The shutdown comes two months after FLYi filed for Chapter 11 bankruptcy protection, citing high fuel costs and intense competition as the major reasons for such a show down. The news comes nearly 19 months after it launched services, promising the lowest fares and great services for its coast-to-coast flights. The company, in its bankruptcy filing on November 7, declared that it would shut down if it could not find a buyer by January.
When it began services on June 16, 2004 midst much hype and fanfare, Independence Air, offered no less than 600 flights a day to 47 cities! However, owning to its ever-growing losses it was forced to cut them down to 200 daily departures.
According to reports two airline companies had expressed interest in bidding for FLYi's assets. One being, a Phoenix-based regional carrier called Mesa Air Group and the other being FLYi's former partner, UAL, parent of United Airlines.
In an official statement, however, the company's Chairman and Chief Executive, Kerry Skeen, said, "While we've been clear in reminding everyone that this was a possibility (shutting down operations completely), we remained optimistic that there would be a way to avoid reaching this juncture. But to date there has not been a firm offer put forward that meets the financial criteria necessary to continue operations as is. The financial pressures in the industry have prevailed. We have run out of time."
Yet, putting on a brave face and complimenting his workforce for their consistent efforts, he noted that the airline ranked high in customer satisfaction and brand strength. "Why did our brand succeed in customer satisfaction? It really falls on your shoulders; you did a great job. The thrust of my message today is: Hold your heads up high, as difficult as that might be.", said Skeen.
According to most analysts, Independence's failure lies in the mistakes made by it specifically and is not due to any fundamental flaws in the low-fare carrier strategy that was pioneered by Southwest Airlines Co. in the aviation sector. Terry Trippler, who runs the CheapSeats.com travel website, said in an interview, “ they had too many planes flying to too many cities too often and too low prices. There was just no way they could make money. Fuel prices didn't help either."
However, other industry analysts believe that Independence Air was hurt by their strategy of relying heavily on 50-seat regional jets, which many passengers considered cramped and loud, and which for Independence did not offer the favorable economics of 100- or 120-seat jets.
The company's spokeswoman Valerie Wunder said, "only a minimal number of customers hold tickets for flights to or from New England airports after Thursday.
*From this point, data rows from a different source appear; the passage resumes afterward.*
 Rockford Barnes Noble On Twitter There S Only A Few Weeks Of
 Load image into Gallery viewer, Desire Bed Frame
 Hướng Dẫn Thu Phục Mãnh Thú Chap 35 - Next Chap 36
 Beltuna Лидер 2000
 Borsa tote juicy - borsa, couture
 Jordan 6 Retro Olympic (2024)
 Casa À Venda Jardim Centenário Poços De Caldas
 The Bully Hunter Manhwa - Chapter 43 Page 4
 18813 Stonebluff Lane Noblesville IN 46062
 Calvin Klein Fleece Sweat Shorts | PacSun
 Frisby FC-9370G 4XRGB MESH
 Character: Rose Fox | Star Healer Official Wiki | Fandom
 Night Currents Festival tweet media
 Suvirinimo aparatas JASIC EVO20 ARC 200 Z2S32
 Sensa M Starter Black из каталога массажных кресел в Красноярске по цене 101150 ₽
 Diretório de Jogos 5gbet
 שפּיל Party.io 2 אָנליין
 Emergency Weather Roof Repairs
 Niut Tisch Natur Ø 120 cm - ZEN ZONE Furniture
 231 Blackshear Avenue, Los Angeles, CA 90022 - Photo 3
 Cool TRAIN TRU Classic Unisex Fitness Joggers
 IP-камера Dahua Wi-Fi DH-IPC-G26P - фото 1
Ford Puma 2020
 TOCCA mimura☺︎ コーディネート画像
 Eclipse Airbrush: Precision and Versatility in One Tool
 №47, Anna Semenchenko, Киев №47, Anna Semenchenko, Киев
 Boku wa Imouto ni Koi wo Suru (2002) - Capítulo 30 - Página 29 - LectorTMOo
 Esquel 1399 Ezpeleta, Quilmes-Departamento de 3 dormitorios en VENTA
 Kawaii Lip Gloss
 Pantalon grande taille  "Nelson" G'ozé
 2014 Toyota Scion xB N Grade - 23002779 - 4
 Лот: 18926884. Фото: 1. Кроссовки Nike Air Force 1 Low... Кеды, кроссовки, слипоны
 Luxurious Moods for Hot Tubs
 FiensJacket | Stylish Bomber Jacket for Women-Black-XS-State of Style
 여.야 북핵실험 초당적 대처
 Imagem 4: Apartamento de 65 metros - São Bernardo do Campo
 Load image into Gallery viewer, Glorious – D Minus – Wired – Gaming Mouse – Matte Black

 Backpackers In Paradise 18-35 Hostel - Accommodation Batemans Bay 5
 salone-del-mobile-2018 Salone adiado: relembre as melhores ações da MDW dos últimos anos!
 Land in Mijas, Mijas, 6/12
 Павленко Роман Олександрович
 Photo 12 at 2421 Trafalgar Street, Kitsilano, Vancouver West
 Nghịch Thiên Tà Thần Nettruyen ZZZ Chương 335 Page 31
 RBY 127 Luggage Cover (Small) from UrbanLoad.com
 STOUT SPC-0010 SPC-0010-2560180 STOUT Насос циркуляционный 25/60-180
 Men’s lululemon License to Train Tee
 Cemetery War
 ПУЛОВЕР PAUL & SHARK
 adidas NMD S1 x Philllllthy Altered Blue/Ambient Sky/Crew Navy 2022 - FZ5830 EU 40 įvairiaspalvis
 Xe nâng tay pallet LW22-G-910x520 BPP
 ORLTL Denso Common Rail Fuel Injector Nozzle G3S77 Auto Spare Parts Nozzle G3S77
We've had very little bookings for January, both because it's normally a slow month for travel and because passengers held off buying tickets until Independence's fate became clear." However, she did not have precise figures for Boston or the five other New England cities the airline serves.
Independence Air, said that it was trying to reach passengers holding round-trip tickets with return flights after the shutdown deadline to switch them to flights returning before 7 p.m. Thursday. After that, other airlines operating flights on the same routes as Independence that have standby seat capacity are obligated to honor Independence tickets if passengers pay a or 0 switching fee, under a provision of the airline industry bailout bill enacted after the Sept. 11, 2001, terrorist attacks.
FLYi said it is seeking approval from the U.S. Bankruptcy Court in Delaware to issue refunds to customers who have booked flights scheduled to depart after 7 p.m. Thursday.
It may be recalled that Independence Air, previously known as Atlantic Coast Airlines, originally operated connecting flights for United Airlines. It became a low-fare carrier under its own brand only in June 2004. The 2,700-employee company built up a route network serving 36 destinations from its Dulles hub.